### Listed entries
⟨

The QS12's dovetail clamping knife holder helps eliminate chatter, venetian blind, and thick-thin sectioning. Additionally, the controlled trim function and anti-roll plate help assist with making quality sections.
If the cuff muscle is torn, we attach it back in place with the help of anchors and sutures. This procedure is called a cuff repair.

⟩
⟨

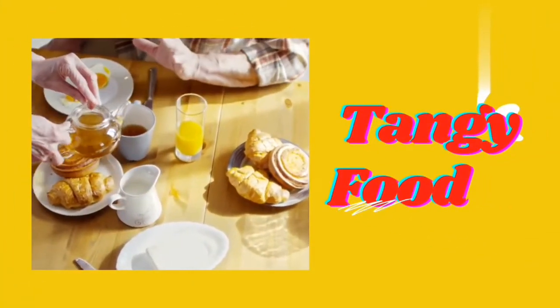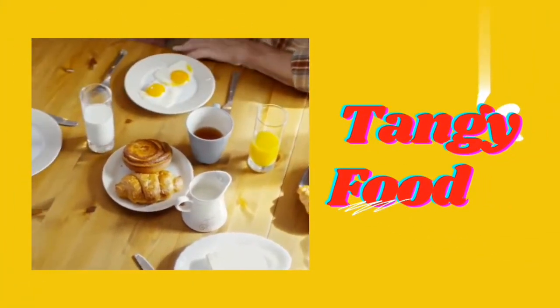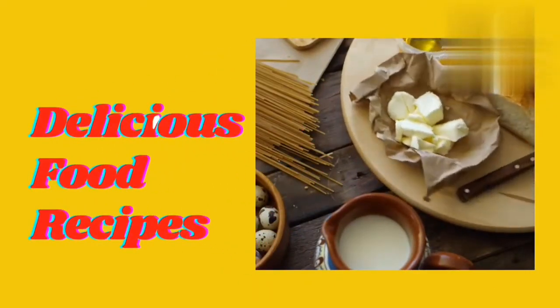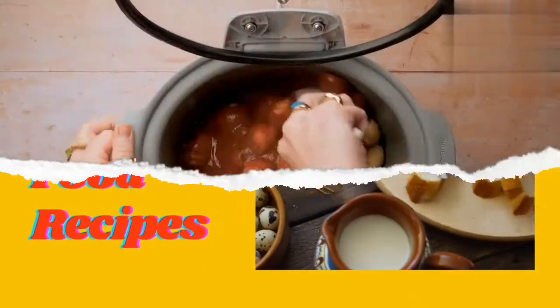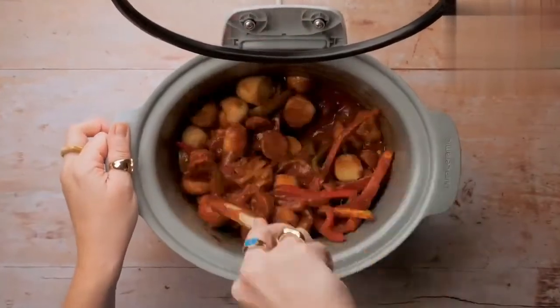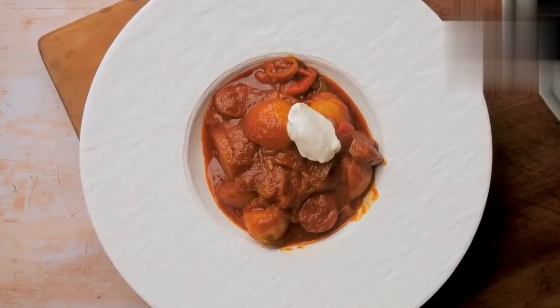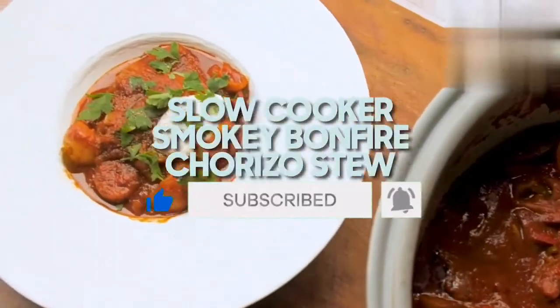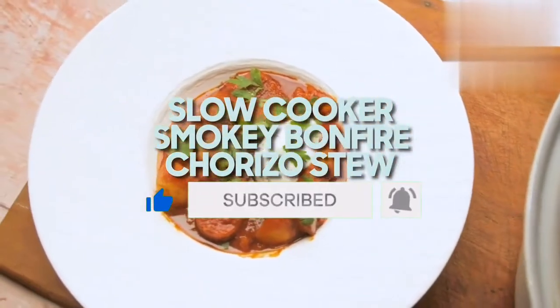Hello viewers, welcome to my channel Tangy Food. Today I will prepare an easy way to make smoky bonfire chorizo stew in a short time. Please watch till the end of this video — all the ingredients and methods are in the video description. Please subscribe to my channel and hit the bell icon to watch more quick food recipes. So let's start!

⟩
⟨

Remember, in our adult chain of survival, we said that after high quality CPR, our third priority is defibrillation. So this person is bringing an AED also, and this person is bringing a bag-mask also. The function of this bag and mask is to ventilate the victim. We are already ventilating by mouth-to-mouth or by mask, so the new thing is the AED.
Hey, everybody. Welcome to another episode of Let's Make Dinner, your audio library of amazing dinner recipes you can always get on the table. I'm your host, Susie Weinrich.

⟩

### Task to carry out
Lines that contain "with" are the result; find them in the entries above and copy each one.

### Task solution
The QS12's dovetail clamping knife holder helps eliminate chatter, venetian blind, and thick-thin sectioning. Additionally, the controlled trim function and anti-roll plate help assist with making quality sections.
If the cuff muscle is torn, we attach it back in place with the help of anchors and sutures. This procedure is called a cuff repair.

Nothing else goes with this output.